§ Task instructions
Output exactly the span of lines beginning with the one that holds "El Santuario y" and ending with the last line of the data below.

BEGIN Information

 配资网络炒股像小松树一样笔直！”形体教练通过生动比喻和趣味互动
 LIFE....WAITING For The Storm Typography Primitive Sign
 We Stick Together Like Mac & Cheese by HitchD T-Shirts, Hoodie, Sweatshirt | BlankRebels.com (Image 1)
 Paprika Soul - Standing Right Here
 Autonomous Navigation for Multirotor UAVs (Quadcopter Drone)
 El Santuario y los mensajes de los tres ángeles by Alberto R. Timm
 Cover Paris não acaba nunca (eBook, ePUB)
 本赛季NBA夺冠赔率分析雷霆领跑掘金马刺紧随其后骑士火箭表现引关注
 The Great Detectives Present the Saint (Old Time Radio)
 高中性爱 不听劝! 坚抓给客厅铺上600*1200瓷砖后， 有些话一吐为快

END Information

§ Solution to this exercise
 El Santuario y los mensajes de los tres ángeles by Alberto R. Timm
 Cover Paris não acaba nunca (eBook, ePUB)
 本赛季NBA夺冠赔率分析雷霆领跑掘金马刺紧随其后骑士火箭表现引关注
 The Great Detectives Present the Saint (Old Time Radio)
 高中性爱 不听劝! 坚抓给客厅铺上600*1200瓷砖后， 有些话一吐为快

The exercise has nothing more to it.